We retrospectively analyzed 373 adult patients with chronic hepatitis B infection. Patient demographics, hepatitis B markers, antiviral treatment, laboratory parameters, results from liver imaging and histology were recorded. Patients were divided into 2 groups according to their FIB-4 levels and their hazard ratios for developing hepatocellular carcinoma were analyzed adjusted for age, sex, body mass index, alcohol consumption, and antiviral medication.

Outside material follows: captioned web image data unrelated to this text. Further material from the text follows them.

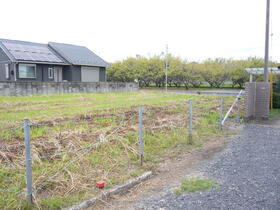 茨城県那珂市菅谷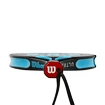 Raquette de padel Wilson  Ultra Team V2 Padel 2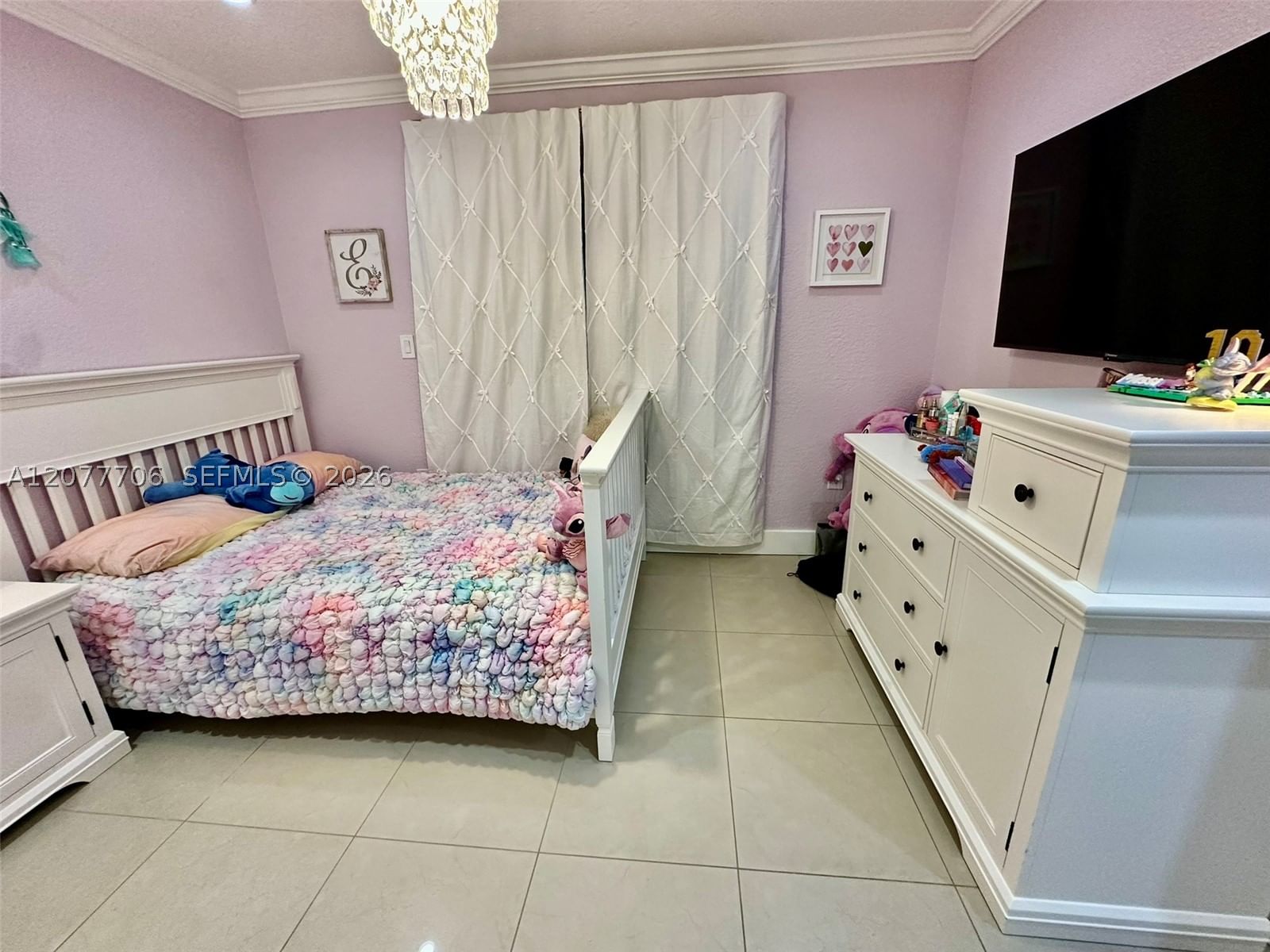 Real estate property located at 9021 150th Ter, Miami-dade, West Lakes Gardens 3rd Ad, Miami Lakes, FL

Median follow-up was 8.7 years (range 1–21.3 years), 93% of patients were of non-Asian origin, and 64% were male. Compared with patients with a low FIB-4 (<1.25) patients with FIB-4 ≥1.25 showed a hazard ratio for incidence of hepatocellular carcinoma of 3.03 (95% confidence interval (CI): 1.24–7.41) and an adjusted hazard ratio of 1.75 (95% CI: 0.64–4.74). Notably, 68% of patients with liver cirrhosis and 68% of those who developed HCC during observation had a low FIB-4 (<1.25).

We could not confirm that a FIB-4 value ≥1.25 is a reliable clinical indicator for incidence of hepatocellular carcinoma in predominantly non-Asian patients with chronic hepatitis B. Further studies in geographically and ethnically diverse populations are needed to prove its utility as a predictive tool.